Anthony A. Martino started repairing automatic transmissions from leased space in an Esso shop in Philadelphia. In 1957, he founded the Anthony A. Martino Company, or AAMCO in Philadelphia, under the name AAMCO Auto and Truck Repair. This name was chosen not only to reflect the initials of the founder, but also to make it appear higher in the Yellow pages listings of the day. Along with partners Richard Silva and Walter D'lutz', Martino opened several other shops in the Philadelphia area. Owing to the complexity and failure rate of automatic transmissions of the day, Martino quickly decided to drop the "Auto and Truck Repair", and focus solely on transmissions, where the company would stay focused until 2007.

In 1962, Robert Morgan approached Martino with the concept of a national chain of transmission repair stores branded as AAMCO. Martino was receptive to the idea, and the shops operated in cooperation with Silva and DeLutz were rebranded as AAMCO. The first franchise was not sold until 1963, when an AAMCO shop was opened by Ivan and Jack Ginninger in Newark, New Jersey.

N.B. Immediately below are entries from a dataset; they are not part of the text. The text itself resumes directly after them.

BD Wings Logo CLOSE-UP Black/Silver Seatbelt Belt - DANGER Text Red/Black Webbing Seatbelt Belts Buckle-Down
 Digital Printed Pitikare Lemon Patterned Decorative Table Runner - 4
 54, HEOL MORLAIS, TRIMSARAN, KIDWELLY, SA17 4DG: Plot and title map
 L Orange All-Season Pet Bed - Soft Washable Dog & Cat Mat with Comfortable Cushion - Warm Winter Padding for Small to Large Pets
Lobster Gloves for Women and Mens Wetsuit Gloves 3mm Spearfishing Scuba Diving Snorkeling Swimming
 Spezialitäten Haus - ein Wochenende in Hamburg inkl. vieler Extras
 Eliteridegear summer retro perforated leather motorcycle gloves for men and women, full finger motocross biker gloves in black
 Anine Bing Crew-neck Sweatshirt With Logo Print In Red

In March 2006, AAMCO merged with Cottman Transmission, and American Capital purchased AAMCO and moved the headquarters from Philadelphia to nearby Horsham, Pennsylvania.

Owing in part to the increased reliability of automatic transmissions, and thus the lengthened repair cycle, in the mid-2000s, the company rebranded to AAMCO Transmissions and Total Car Care. Today, AAMCO is the world's largest franchisor of transmission specialists and car repair shops, operating over 600 franchise stores in the United States, Canada.

AAMCO is also known for its distinctive television and radio commercials, which end with a voice saying "AAMCO, double-A [car horn beeps twice] M-C-O."

The company has made heavy use of celebrity spokespeople in its advertising, and was one of the first to use a celebrity spokesperson in a television ad. Zsa Zsa Gabor was the company's first paid spokesperson.